In news from Africa, former British military officer Simon Mann has been sentenced to thirty-four years in prison for plotting to topple the oil-rich government of Equatorial Guinea. During the trial, Mann said that Spain, South Africa and the United States all knew about the coup plot and approved it. Mann also implicated Mark Thatcher, the son of Britain’s former prime minister Margaret Thatcher, in the plot.

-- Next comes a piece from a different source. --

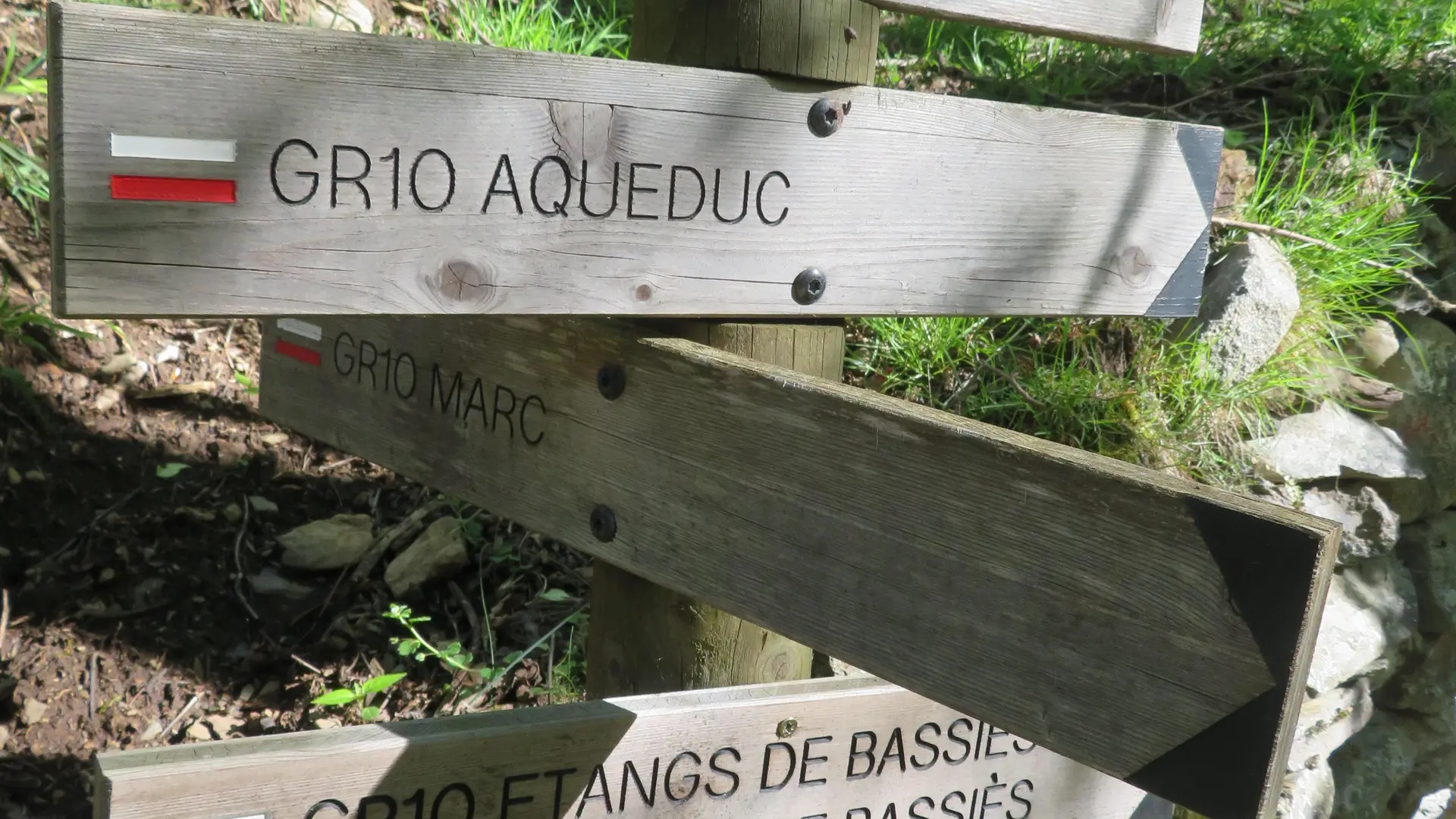 Panneaux signalétiques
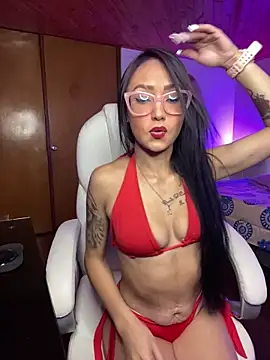 Snapshot of Sofiaa_pink chatting on 10.14.25 Sofiaa pink online show from 10.14.25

An Army medic who became famous for being photographed in 2003 carrying an Iraqi child to safety has died at the age of thirty-one after overdosing on a computer cleaner aerosol. Army Specialist Joseph Dwyer had been struggling with post-traumatic stress syndrome. After he returned from Iraq, his marriage fell apart, and he spiraled into substance abuse and depression. In 2005, he shot up his El Paso, Texas apartment and held police at bay for three hours with a 9-mm handgun, believing Iraqis were trying to get in. The March 2003 photo of Dwyer was published around the world and has been described as one of the most iconic images of the US invasion. His mother Maureen Dwyer said, “He loved the picture, don’t get me wrong, but he just couldn’t get over the war. He wasn’t Joseph anymore. Joseph never came home.”
A US photographer has accused the US military of censorship after the Marines kicked him out of its embed program for publishing a photo of a Marine who died in a suicide bombing in Fallujah. The photographer, Zoriah Miller, said, “I just feel this war has become so sanitized that it was important to show.” The military claimed the publication of the photo violated embed rules. The Marines also claimed that Miller had “provided the enemy with specific information on the effectiveness of the attack.”
A group of scientists, conservationists and politicians from Europe and its twenty-eight overseas territories have begun a five-day biodiversity meeting on Reunion Island in the Indian Ocean. Most of Europe’s overseas territories are islands that have unusually high concentration of unique and endangered species. Russell Mittermeier of the International Union for Conservation of Nature urged the European nations to protect the biodiversity of these islands.
Russell Mittermeier: “France is one of the ten countries in the world with the highest number of endangered species, mainly due to what has happened in its overseas territories. And once again, the risk of these numbers increasing in the European overseas territories is likely to increase with the growing threat of climate change.”
In other environmental news, a new US government report has revealed that half of US coral reefs are in poor or fair condition and are threatened by climate change and human activities like sports fishing, shipping and the release of untreated sewage. Reefs in the Caribbean, in particular, are under severe assault.
And in campaign news, Denver police arrested a sixty-year-old librarian Monday on trespassing charges after she tried to enter a John McCain rally in a city-owned building holding a sign that read “McCain = Bush.” Carol Kreck was removed from the event by four city police officers.
Carol Kreck: “The ticket was for trespassing. He said if I came back into the plaza, I would be arrested and taken to jail. [The sign] says ‘McCain = Bush’. Now, in a Republican [event], why is that offensive? Why would Republicans who voted for Bush find it offensive that a sign says ‘Bush = McCain’ or ‘McCain = Bush’?”
Carol Kreck was arrested at the Denver Performing Arts Complex. A spokesperson at the center said the venue is a city-owned rental property, but she claimed the building is not legally defined as public property. Denver is the site of the Democratic National Convention in August.